Records from a data source
+++
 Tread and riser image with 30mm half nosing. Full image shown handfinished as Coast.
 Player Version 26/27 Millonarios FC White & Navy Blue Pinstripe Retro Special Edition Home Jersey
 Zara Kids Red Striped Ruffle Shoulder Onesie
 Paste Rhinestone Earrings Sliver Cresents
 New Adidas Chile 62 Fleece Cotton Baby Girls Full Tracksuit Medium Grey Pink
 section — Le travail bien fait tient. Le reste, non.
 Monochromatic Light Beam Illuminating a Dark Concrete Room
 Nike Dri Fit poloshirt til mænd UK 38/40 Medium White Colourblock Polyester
+++
Work to complete
Using the records above, gather all lines where the string "Medium" is present.

Solution for this exercise
 New Adidas Chile 62 Fleece Cotton Baby Girls Full Tracksuit Medium Grey Pink
 Nike Dri Fit poloshirt til mænd UK 38/40 Medium White Colourblock Polyester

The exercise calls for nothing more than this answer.